Building the Velocity Model
The velocity model is the engine of any depth section, and its construction blends seismic and well data. Stacking velocities derived during processing give a first-pass field, but these are processing parameters, not true earth velocities, so they are refined with reflection tomography that iteratively updates interval velocities to flatten common-image gathers. Borehole control sharpens the model dramatically: sonic logs supply interval velocities directly, check-shot and vertical seismic profile surveys tie travel time to measured depth at the wellbore, and formation tops anchor the depths of key interfaces. In the WCSB, operators with dense well control across mature Cardium or Viking fairways can build tightly constrained models, while frontier Duvernay or Montney step-outs lean more heavily on tomographic seismic velocities until the first wells provide ties.
Time Migration Versus Depth Migration
Time migration is mathematically valid only when velocity varies vertically, because it does not account for the ray bending that occurs when a wave crosses a dipping interface between layers of contrasting velocity. Where the subsurface has strong lateral velocity change, time migration mispositions reflectors and a simple stretch to depth inherits those errors. Depth migration solves the wave equation directly in the depth domain using the velocity model, correctly bending rays at interfaces and placing reflectors in their true spatial position. The cost is steep: prestack depth migration is computationally expensive and demands an accurate model, so WCSB operators reserve it for structurally complex plays such as the Foothills thrust belt, while gently layered plains stratigraphy is often well served by depth-converted time migration.
Fast Facts
A velocity error of just 2 percent in the overburden can shift a predicted target depth by more than 40 metres (about 130 feet) at 2,000 metres, easily enough to miss a 10-metre-thick horizontal landing window. This sensitivity is why operators in the Alberta Foothills, where steeply dipping thrust sheets stack fast carbonates over slow shales, invest in iterative prestack depth migration that can take weeks of compute time, whereas a flat-lying plains Cardium survey may be depth-converted in a single afternoon.
Related Terms
A depth section is the end product of seismic imaging that begins with a clean stack and is refined through migration. It depends on accurate noise removal earlier in the flow, including the tail mute that strips ground roll before stacking, since residual noise corrupts the velocity picks the conversion relies on. The reflections it displays are the same primaries protected from ground roll during processing, and the velocities that drive the conversion are anchored by borehole ties that connect the seismic image to real measured depth in the well.

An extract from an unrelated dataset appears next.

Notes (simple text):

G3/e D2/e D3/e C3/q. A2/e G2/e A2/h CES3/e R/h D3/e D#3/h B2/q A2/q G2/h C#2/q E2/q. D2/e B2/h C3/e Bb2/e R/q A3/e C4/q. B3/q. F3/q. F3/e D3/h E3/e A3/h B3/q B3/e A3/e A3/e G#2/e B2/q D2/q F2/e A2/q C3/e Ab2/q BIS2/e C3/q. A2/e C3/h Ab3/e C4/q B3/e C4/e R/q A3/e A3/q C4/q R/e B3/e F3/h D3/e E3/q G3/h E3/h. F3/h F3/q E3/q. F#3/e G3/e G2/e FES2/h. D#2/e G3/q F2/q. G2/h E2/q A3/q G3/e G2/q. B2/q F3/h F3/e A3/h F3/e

Real-World WCSB Scenario: Landing a Foothills Well Near Rocky Mountain House
An operator targeting a tight gas sand within a thrust-faulted structure in the Alberta Foothills near Rocky Mountain House finds that the time section shows an apparent four-way closure, but a fast Nisku carbonate in the hanging wall is suspected of creating a velocity pull-up that exaggerates the structure. Rather than risk a CAD 9 to 12 million deep well on a possibly artificial high, the team commissions a prestack depth migration, building a velocity model from three offset wells, sonic logs, and reflection tomography over roughly six weeks of processing.
The resulting depth section shows the true closure is smaller and 60 metres deeper than the time image implied, and the crest is laterally offset by 250 metres. The well is repositioned and reaches the target within 8 metres of prognosis, a result that would have been a costly miss had drilling proceeded from the distorted time section alone.